We now want to add a second predictor variable (`wt` = weight) to see if we can improve the fit of the model.


```{r mpgModel2}

# basic results


# Visualise the model results using ggplot

```

Questions:

 * What does this model tell us?
 * What does the size of the 95% CI for the intercept tell you now?

### Model checks: Normality of residuals

```{r checkResidMpgModel2}
# Do they look normal?


# What does a S-W test produce?
# if p > 0.05 => normal 


# The 'car' package has a nice graph to help here
#install.packages("car") # if needed

```
 
Questions:

 * What can we conclude from these tests?

**NB: Don't rely on the Shapiro-Wilk test with large n.**

### Model checks: Autocorrelation/independence of errors:

```{r checkAutocMpgModel2}
# Durbin-Watson
# if p < 0.05 then implies autocorrelation
# if p < 0.05 then implies autocorrelation
# if Durbin–Watson is less than 1.0, there may be cause for alarm. 
# Small values of d indicate successive error terms are, on average, close in value to one another, or positively correlated. 
# If d > 2, successive error terms are, on average, much different in value from one another, i.e., negatively correlated.
# https://en.wikipedia.org/wiki/Durbin%E2%80%93Watson_statistic#Computing_and_interpreting_the_Durbin.E2.80.93Watson_statistic


```

Questions:

 * What should we conclude?
 * Why?

### Model checks: heteroskedasticity

```{r checkHeteroskMpgModel2}



# formal test
# if p > 0.05 then there is heteroskedasticity

```

Questions:

 * Do you think the variance of the residuals is constant? Justify your answer.
 * Did the plot suggest a transformation?
 * If so, why?

### Model checks: collinearity

This only makes sense to do when we have two or more independent variables as we want to check if they are co-linear (correlated).
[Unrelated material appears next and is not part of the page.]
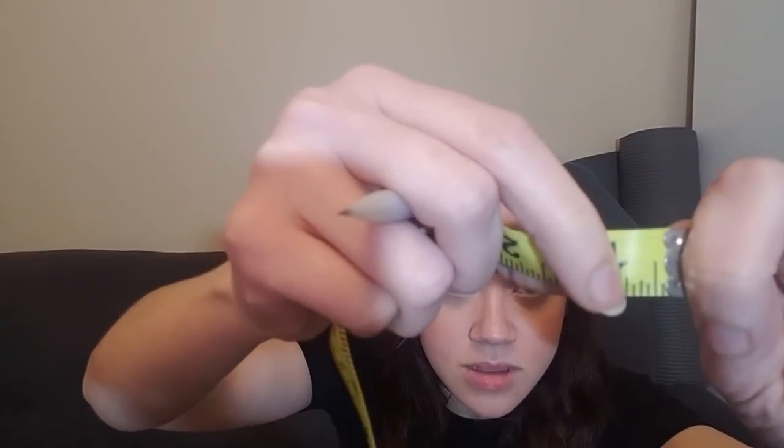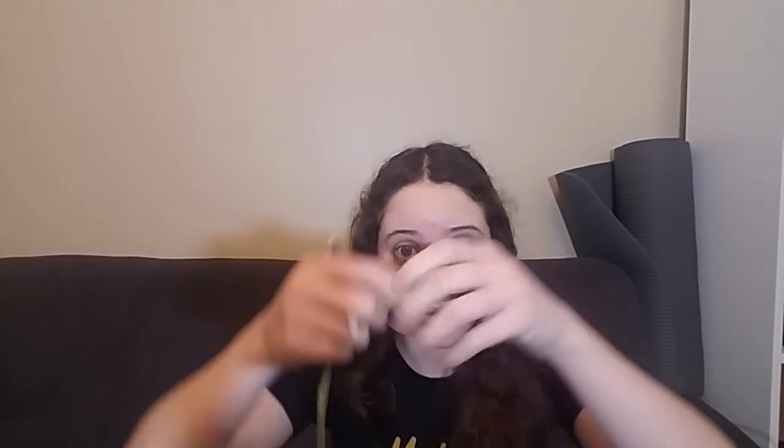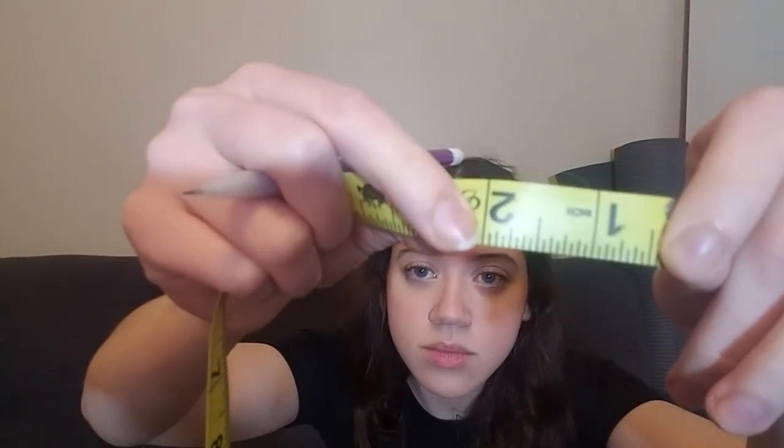I'm going to get the length of each brow, between your brows, and from the brow to the side of your head. I'm just gonna work from left to right — from my left. Just the side of your head to your brow. I'll get the length of each brow: one point three... and your brow lengths. One point three... eight point three... between your brows.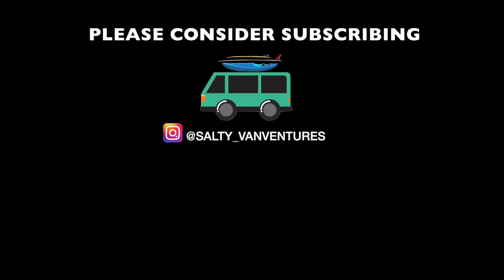Thank you so much for watching. If you liked this video, remember to hit the thumbs up below and subscribe to see more videos like this.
```{r checkCollinMpgModel2}
# collinearity
# if any values > 10 -> problem


# tolerance
# if any values < 0.2 -> possible problem
# if any values < 0.1 -> definitely a problem

```

Questions:

 * What can we conclude from the vif test?
 * What can we conclude from the tolerance test?
 
### Summary

If we are reasonably happy with the models we can get the `stargazer` package to print a more informative table of the results of **both** models:

```{r mpgModelAllResults, results='asis'}
# NB: we need to force knitr to keep the html (asis)

```

Questions:

 * What effect has adding wt to the model had on the explanatory power of the model?
 * What effect has it had on the qsec coefficient? Why do you think that is?
 
You can see that we have again asked stargzer to produce the confidence intervals for each co-efficient in brackets. Using the confidence intervals:

 * What are the lower and upper 95% confidence bounds for the effect of qsec on mpg in each model?
 * Which model gives the more precise estimates? Explain your answer.

We can also use the AIC & BIC to test if our model has improved:

```{r modelsAICBIC}
# The smaller the AIC/BIC the better the fit

```

Questions:

 * What should we conclude from this?
 
Finally we can use the `car` package's anova function to test the difference between the models:

```{r compareMpgModels}

```

Questions:

 * What should we conclude from this test?

## Model 3 - Adding a categorical (factor) predictor

So far we have only used continuous variables. But it is quite common to need to use dummy variables (have a value of 0 (e.g. 'Yes') or 1 (e.g No)) or factor variables which may have several values but which are not continuous variables.

In the following example we add two such variables:

 * a dummy variable: vs (V engine or a straight engine)
 * a factor variable: gear (number of forward gears)

```{r mpgModel3}
# add labels to factors

# run the model

# test how many levels of the gears variable exist


# basic results


# Visualise the model results using ggplot

```

Normally we would run the same tests as above but for now:

 * Explain what the results for the dummy (transmission) variable are telling you
 * Explain what the results for the factor (gears) variable are telling you
# Conclusions

On the basis of these results, what would you do next?